Pro-Brexit MPs have slammed their own parliamentary committee’s report for being “gloomy” and “unduly negative”. Their hostility is revealing, since the document raises challenging, evidence-based questions about the government’s Brexit negotiation position.
Six MPs eventually voted against the publication, with only 10 members of the Exiting the European Union Committee backing it. Former culture secretary John Whittingdale called the document “unduly negative” while former justice minister Dominic Raab dubbed it “rushed, skewed and partisan”.
It isn’t. But neither does it set out to be “a devastating critique of the shambles that is the Conservative Brexit strategy”, as Lib Dem committee member Alistair Carmichael claims. Rather, it raises sobering questions and makes sensible recommendations about the monumental negotiating task ahead. As committee chair Hilary Benn told the BBC: “It’s fair, it’s reasonable, it’s based on the evidence.”
Gibraltar has already shown how real these difficulties ahead are. The Rock was a rare issue on which the report was relatively upbeat, describing the “confidence” of Gibraltar’s chief minister that “the UK Government would find solutions to the challenges that leaving the EU presents”. Two days after the report went to the printers, Brexiters were launching Falklands-inspired threats at Spain.
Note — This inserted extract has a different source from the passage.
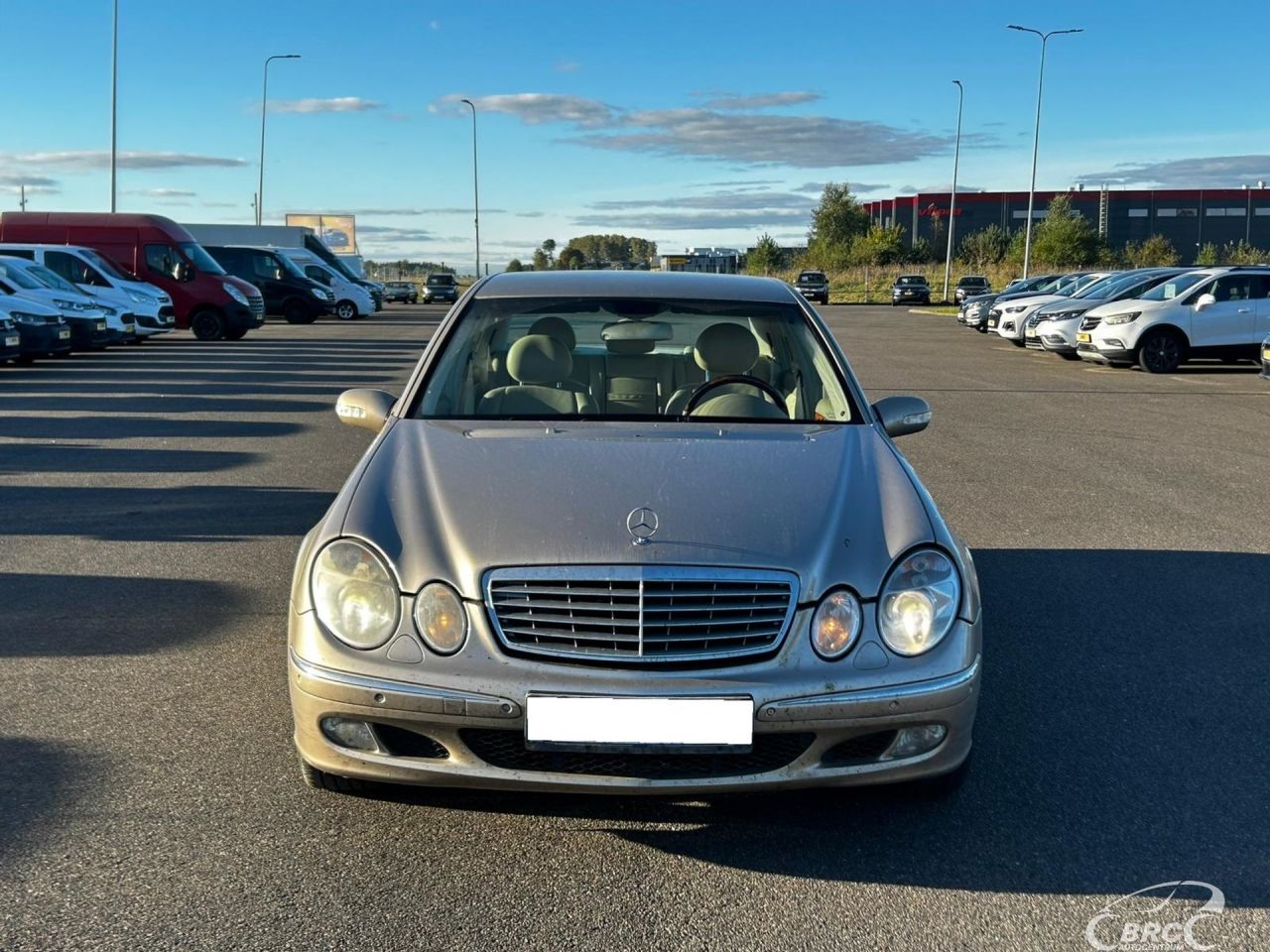 Mercedes-Benz E500 | 4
Here are some of the key Brexit debates into which the report seeks more clarity, coherence and realism from the government.
EU citizens
It is hardly doom-mongering for the report to suggest that leaving the EU with no deal “could put [EU nationals living in the UK] in an uncertain position”. If anything, this understates the potentially nightmarish reality.
The report recommends “a stand-alone and separate deal” independent of the outcome of the rest of the negotiations, and welcomes recent meetings between negotiators and representatives of expat groups as “a positive step towards an early resolution”.
Ireland
The report warns that the economic impact of leaving the EU without a deal on tariff-free trade would be “extremely serious and damaging” on both sides of the Irish border, especially on the agri-food industry. Just one example: a bottle of Bailey’s must cross the border multiple times during manufacture.
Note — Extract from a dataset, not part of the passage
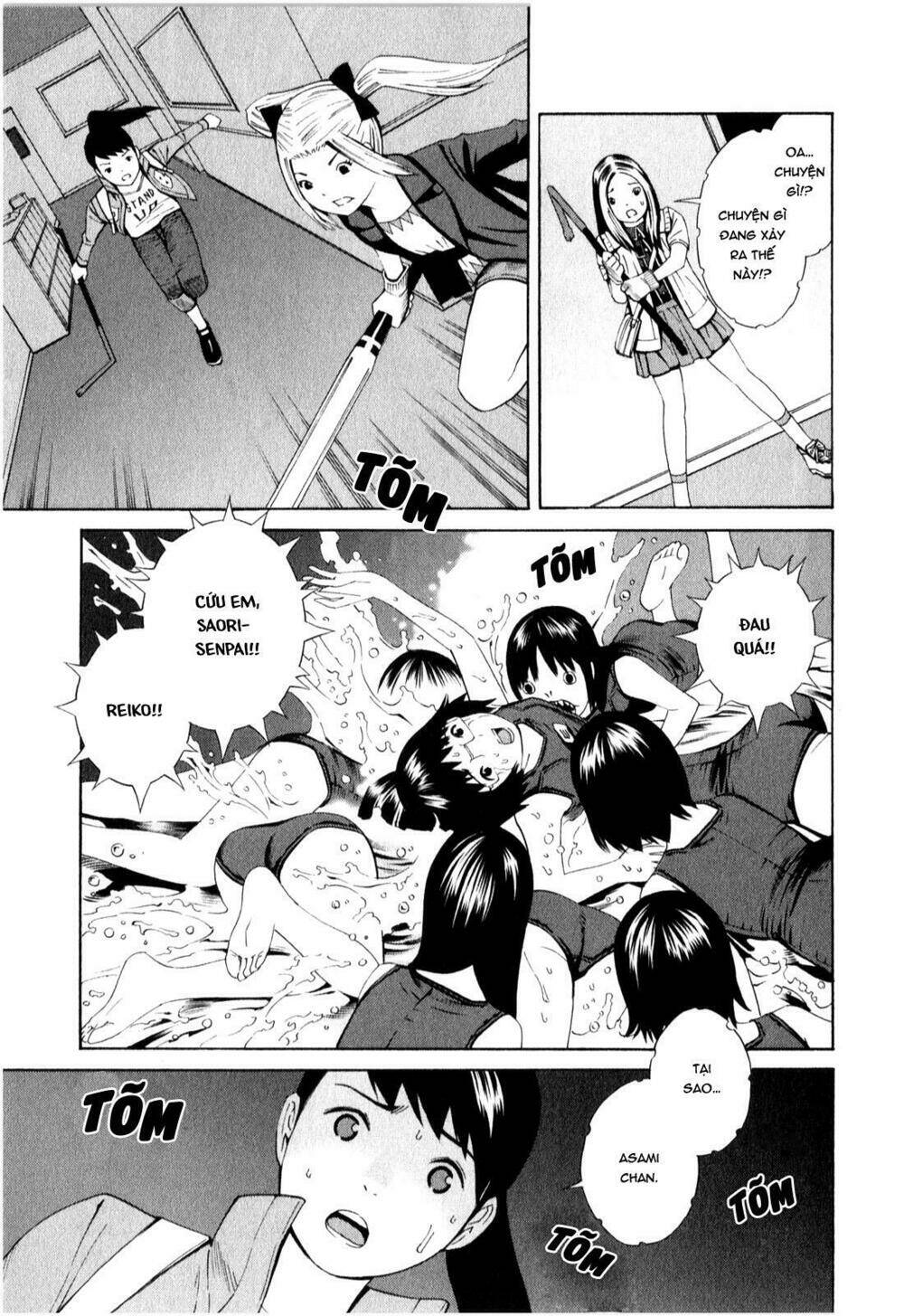 School Ningyo Chương 11 Ảnh 34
Rather than dismissing the border issue out of hand, as Leavers like Boris Johnson did during the referendum, the committee joins calls to reach a solution on this “complex challenge” as soon as possible.
Security
The report is largely positive about security. It welcomes the government’s commitment to continue cooperation on foreign policy and defence. It points to “precedents for agreements” similar to the European Arrest Warrant in which the UK won’t have to cede control to the European Court of Justice. It even sees the possibility of “an imaginative solution” to continue cooperation with Europol, despite clear “technical obstacles”.
Trade
The report rightly calls the government’s plans for a UK-EU customs arrangement “vague”, with little detail beyond the intention to leave the Common External Tariff (CET) which sets the same tariffs on non-EU imports for all EU members. It also sensibly flags “a risk” that the EU won’t let the UK leave the CET while keeping tariff-free trade.
This is not “unduly negative” – it is realistic. The report calls for more contingency planning from the government for a “no deal” scenario in which the UK relies on World Trade Organisation rules. Similarly it insists the government “urgently develop resources and expertise for trade negotiations” and establish early on whether it can “grandfather” (i.e. keep the same preferential trade terms) the EU’s free trade deals with other countries.
Timing
The report points out two key things: that it would be unprecedented to do the kind of comprehensive free trade agreement Theresa May wants in two years; but that never before have two sides been so fully convergent in legal and regulatory terms. This, the report suggests, could mean a deal is done “more quickly than comparable agreements” such as the EU-Canada deal. It adds, however, that there is no evidence that the two-year timetable is realistic.
This is not gloomy, but rather an example of the sort of balanced expectation-management needed in the UK right now.
No deal
The part of the report which received most media attention says that Theresa May’s assertion that “no deal is better than a bad deal” is “unsubstantiated”. The report demands the government publish “a thorough assessment of the economic, legal and other implications” of leaving the EU with no deal in place.
The report argues that “the public and Parliament have a right to the maximum possible information” on the impact of no deal. Is this “skewed and partisan”? Only if you’re partisan against the public. Perhaps Brexiters are so hostile to this idea because they know just how dangerous this cliff-edge scenario would be.